--- Entries provided Enclosed Below ---
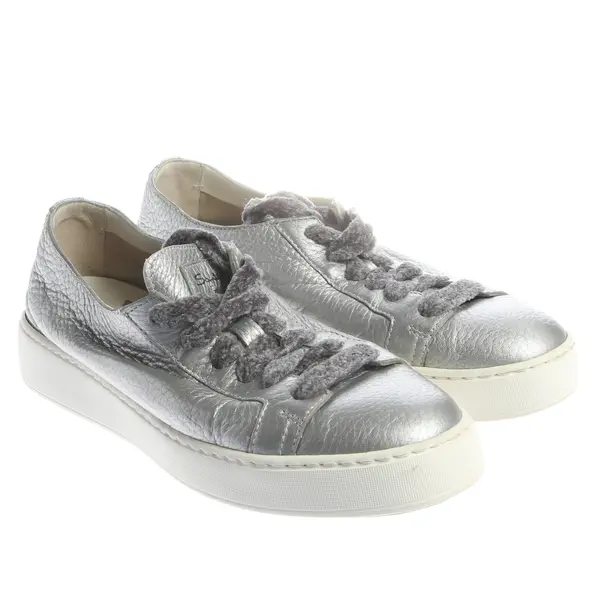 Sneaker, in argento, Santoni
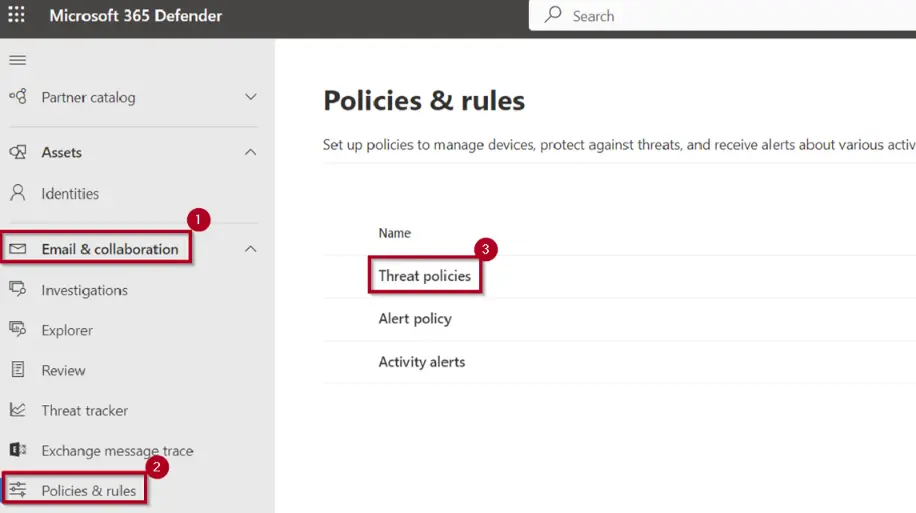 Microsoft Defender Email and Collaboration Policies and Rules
--- End of Enclosed Entries provided ---
--- Entries provided Enclosed Below ---
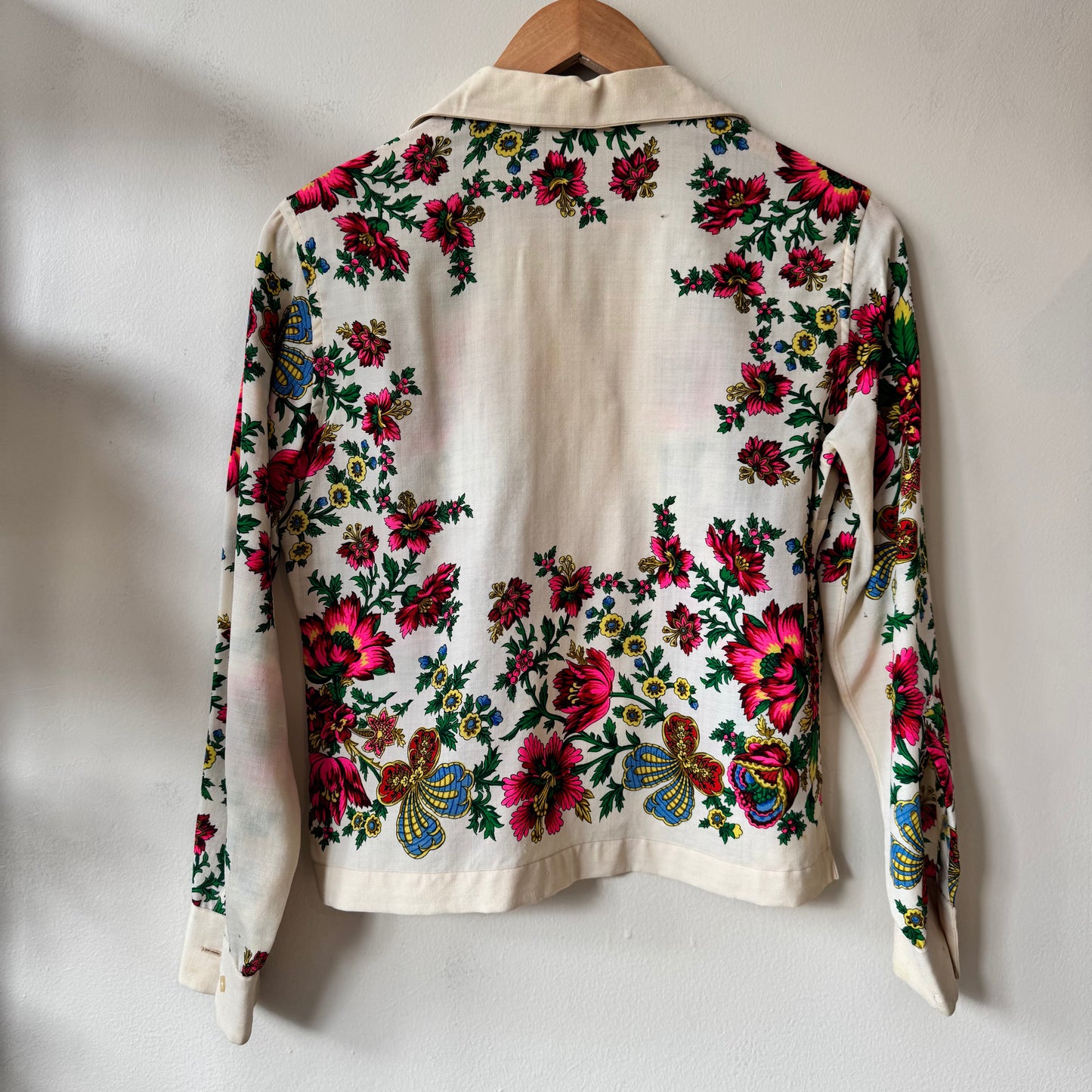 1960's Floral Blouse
--- End of Enclosed Entries provided ---
**Instructions for the task**
Everything above from the line containing "Sneaker, in argento, Santoni" down to the line containing "Microsoft Defender Email" is to be duplicated exactly, both lines included, and the pictures are to be omitted.

**Answer section**
 Sneaker, in argento, Santoni
 Microsoft Defender Email and Collaboration Policies and Rules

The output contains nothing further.